■ **EXERCISE BRIEF**: Transcribe the whole listing below. Pictures do not go in the copy.

■ **STORED DATA**:
>>>>>

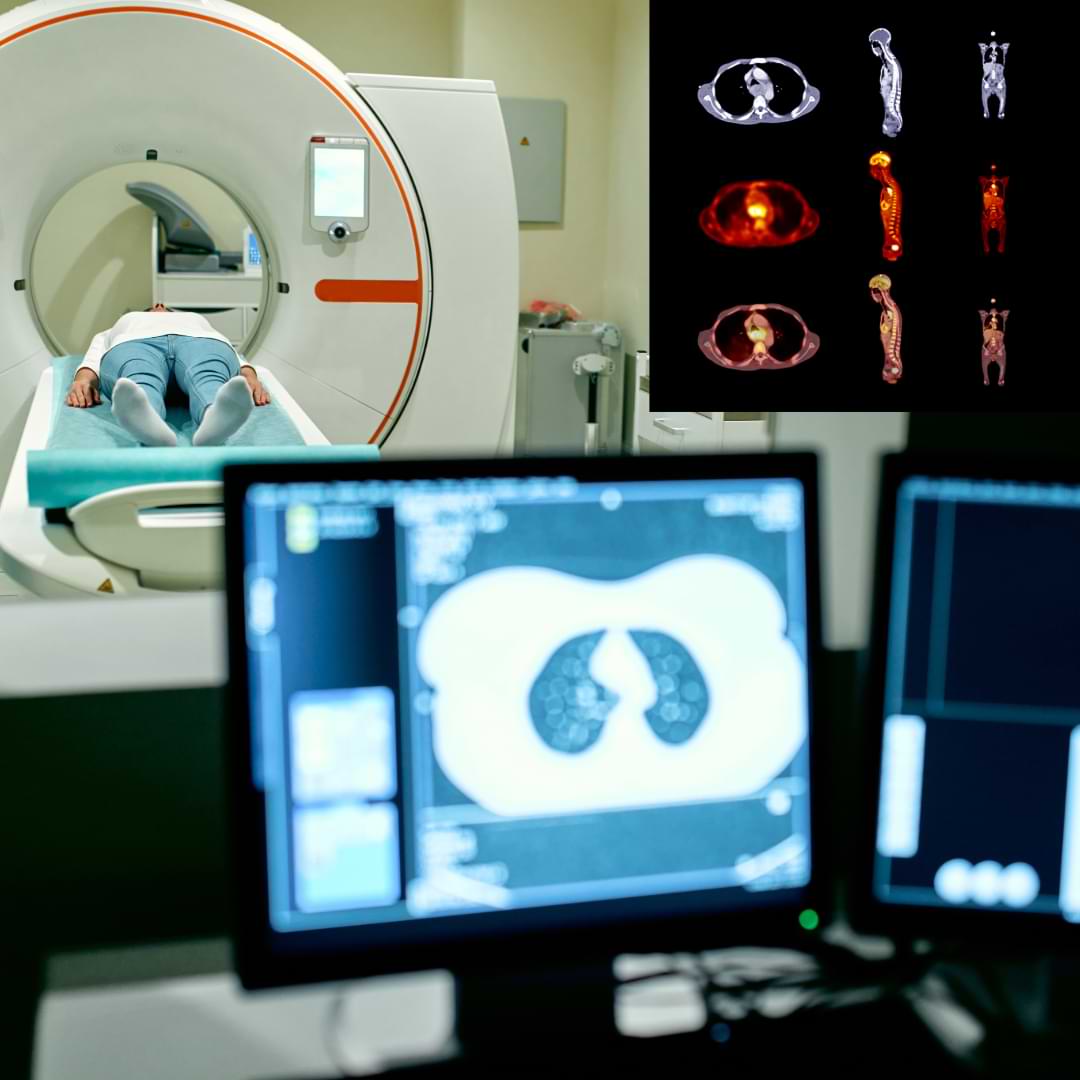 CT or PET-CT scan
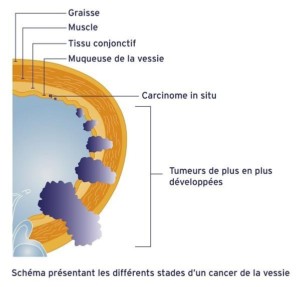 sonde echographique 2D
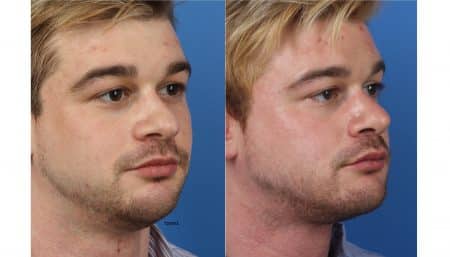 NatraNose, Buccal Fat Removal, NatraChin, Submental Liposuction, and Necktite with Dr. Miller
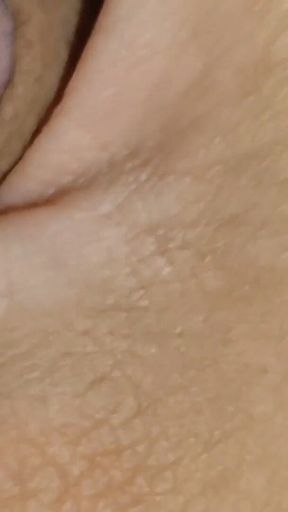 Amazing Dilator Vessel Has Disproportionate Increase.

<<<<<

■ **TASK RESPONSE**:
 CT or PET-CT scan
 sonde echographique 2D
 NatraNose, Buccal Fat Removal, NatraChin, Submental Liposuction, and Necktite with Dr. Miller
 Amazing Dilator Vessel Has Disproportionate Increase.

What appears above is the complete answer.